++++ Source records

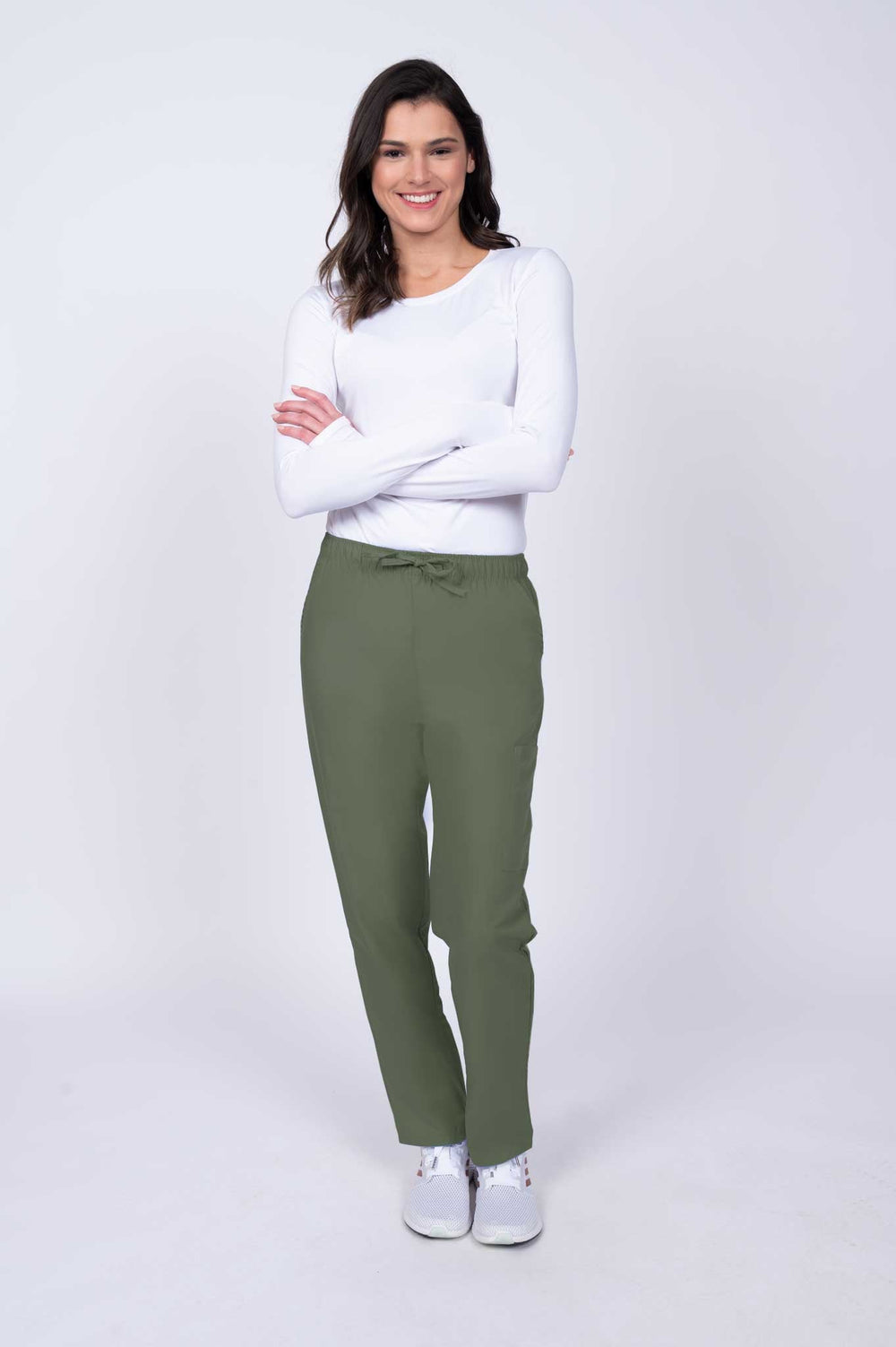 Young healthcare worker wearing a Luv Scrubs by MedWorks Women's Elastic Waist Cargo Pant in olive featuring a natural rise and straight legs.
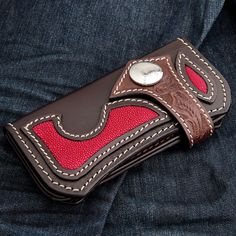 Japanese Tribal Red Stingray Leather Cowboy Biker Wallet  Genuine red stingray skin leather & dark brown cowhide.   Internal layout: 5 Credit Card Slots, 3 Bills Compartments and 1 Zip Compartment  Wallet size (closed): 4" x 7.5"  Wallet size (fully opened): 7" x 7.5" Brown Textured Leather Wallet, Red Leather Wallet With Card Slots, Red Leather Trifold Rectangular Wallet, Custom Hand Tooled Leather Trifold Wallet, Wallet Chains, Biker Wallet, Brown Cowhide, Belt Accessories, Stingray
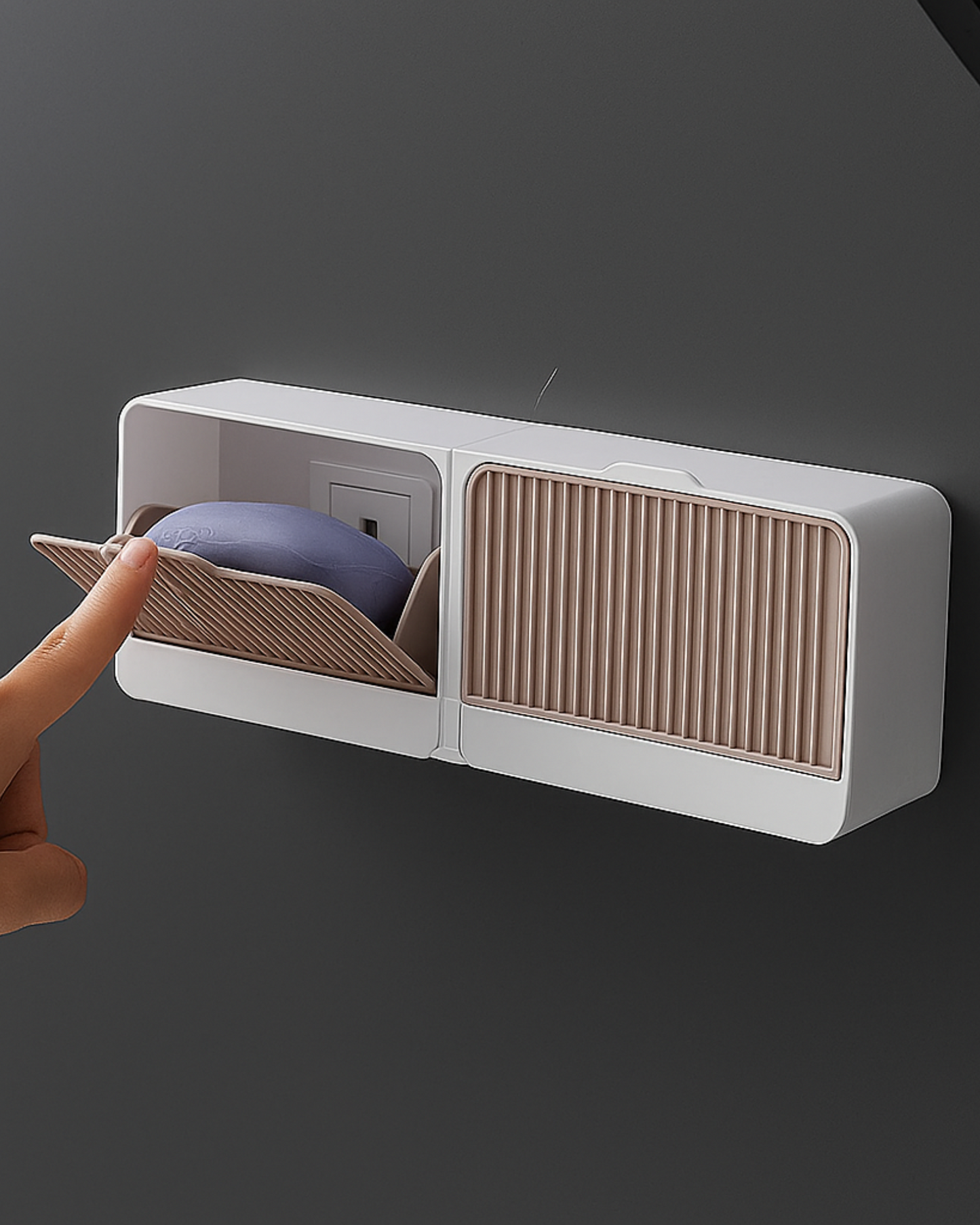 Wall-mounted shoe storage unit with a hand opening one of the compartments.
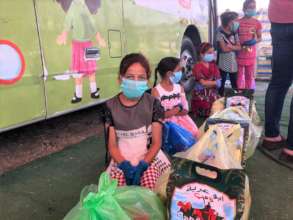 Kids at Hope Bus 2 get food, hygiene packages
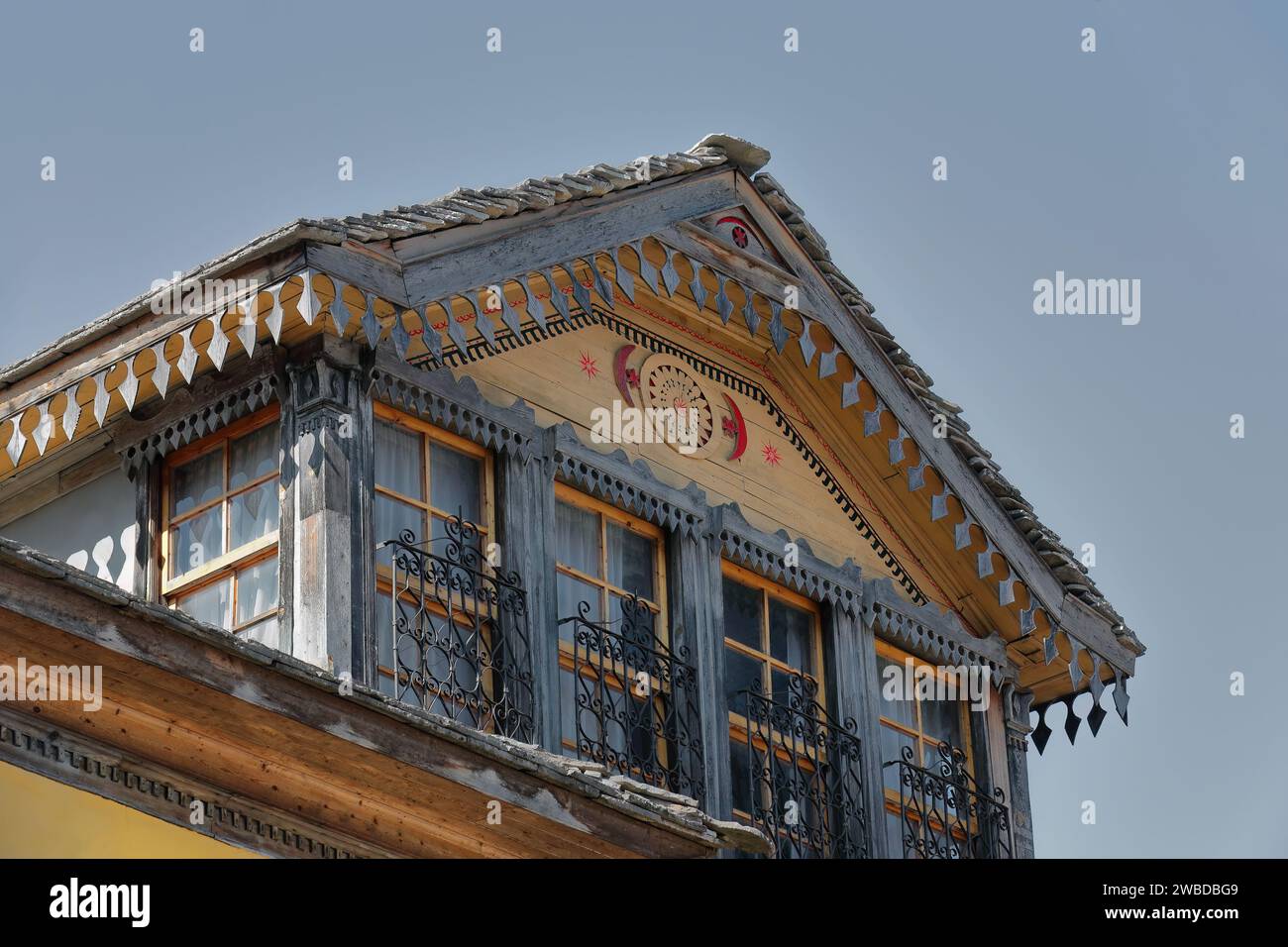 224 Yellow facade of Ottoman-style house with iron-barred windows and profuse wood decoration, old town-Palorto district. Gjirokaster-Albania. Stock Photo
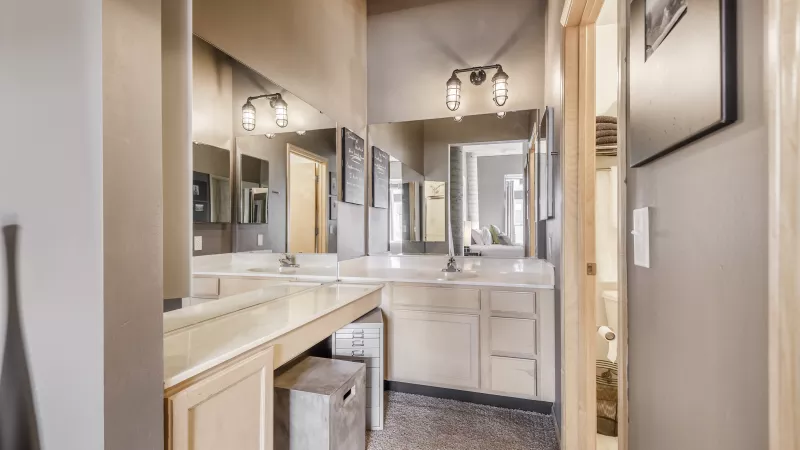 Stylish bathroom featuring a double vanity with two sinks, light countertops, large mirrors, and neutral walls.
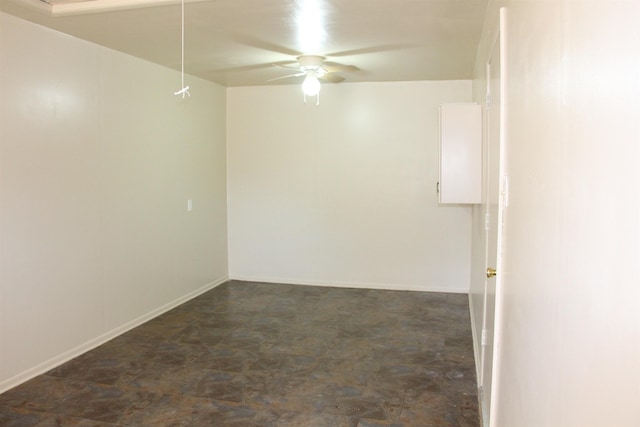 empty room with attic access, ceiling fan, and baseboards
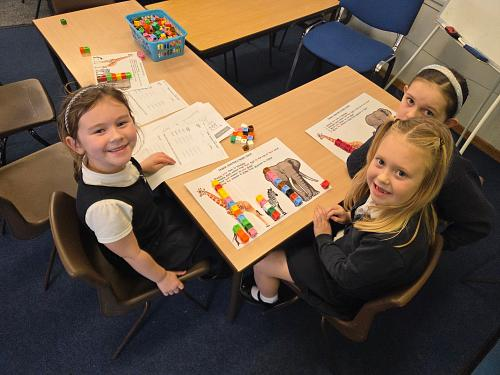 Pupils collaborating on a classroom project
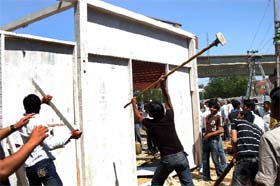 Villagers ransack an under construction liquor vend near Sahara Mall in Gurgaon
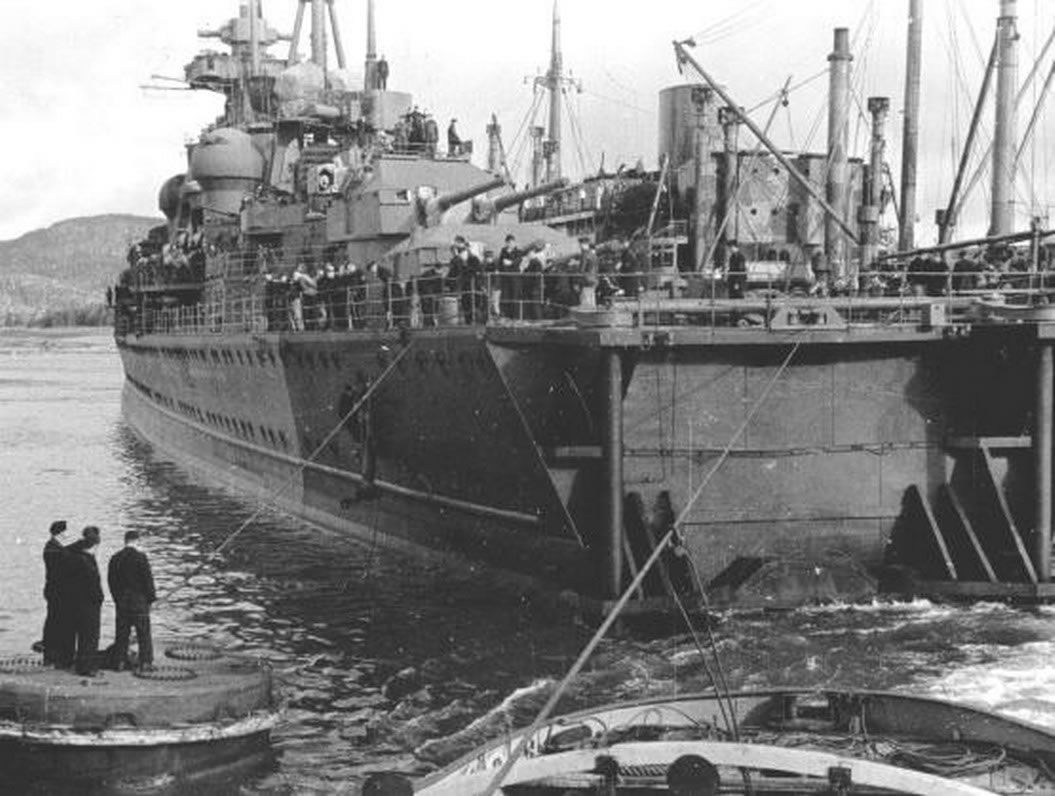 German-Ship-Prinz-Eugen-Moored-alongside-repair-vessel-Huscaran-01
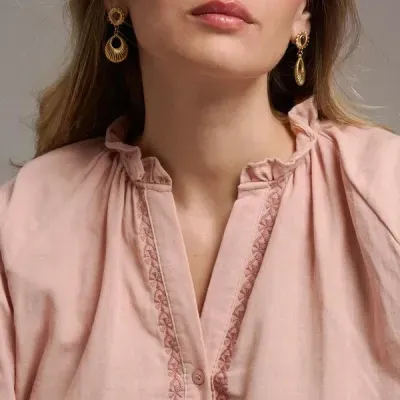 Mulher a usar blusa rosa claro com bordados e brincos dourados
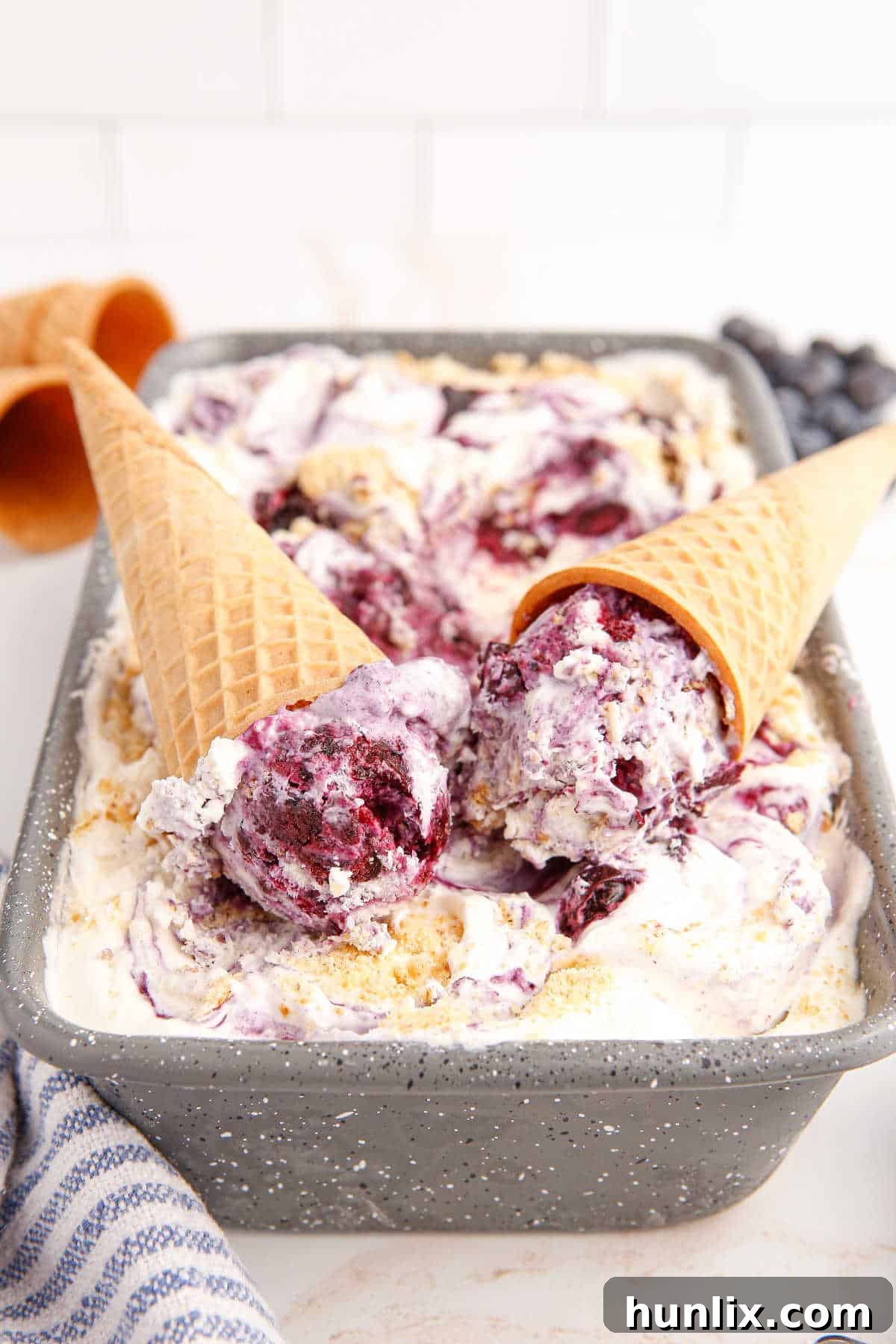 Two crispy ice cream cones nestled into a pan of rich, swirled blueberry pie ice cream, ready to be scooped and savored.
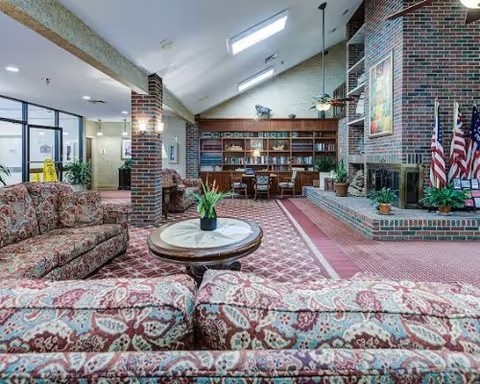 Community lounge with patterned sofas, a round coffee table, brick fireplace, and a bookcase under a vaulted ceiling.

++++++++

- [Work instruction]:
Go through the entries and retype each one exactly, skipping any image.

- [Output below]:
 Young healthcare worker wearing a Luv Scrubs by MedWorks Women's Elastic Waist Cargo Pant in olive featuring a natural rise and straight legs.
 Japanese Tribal Red Stingray Leather Cowboy Biker Wallet  Genuine red stingray skin leather & dark brown cowhide.   Internal layout: 5 Credit Card Slots, 3 Bills Compartments and 1 Zip Compartment  Wallet size (closed): 4" x 7.5"  Wallet size (fully opened): 7" x 7.5" Brown Textured Leather Wallet, Red Leather Wallet With Card Slots, Red Leather Trifold Rectangular Wallet, Custom Hand Tooled Leather Trifold Wallet, Wallet Chains, Biker Wallet, Brown Cowhide, Belt Accessories, Stingray
 Wall-mounted shoe storage unit with a hand opening one of the compartments.
 Kids at Hope Bus 2 get food, hygiene packages
 224 Yellow facade of Ottoman-style house with iron-barred windows and profuse wood decoration, old town-Palorto district. Gjirokaster-Albania. Stock Photo
 Stylish bathroom featuring a double vanity with two sinks, light countertops, large mirrors, and neutral walls.
 empty room with attic access, ceiling fan, and baseboards
 Pupils collaborating on a classroom project
 Villagers ransack an under construction liquor vend near Sahara Mall in Gurgaon
 German-Ship-Prinz-Eugen-Moored-alongside-repair-vessel-Huscaran-01
 Mulher a usar blusa rosa claro com bordados e brincos dourados
 Two crispy ice cream cones nestled into a pan of rich, swirled blueberry pie ice cream, ready to be scooped and savored.
 Community lounge with patterned sofas, a round coffee table, brick fireplace, and a bookcase under a vaulted ceiling.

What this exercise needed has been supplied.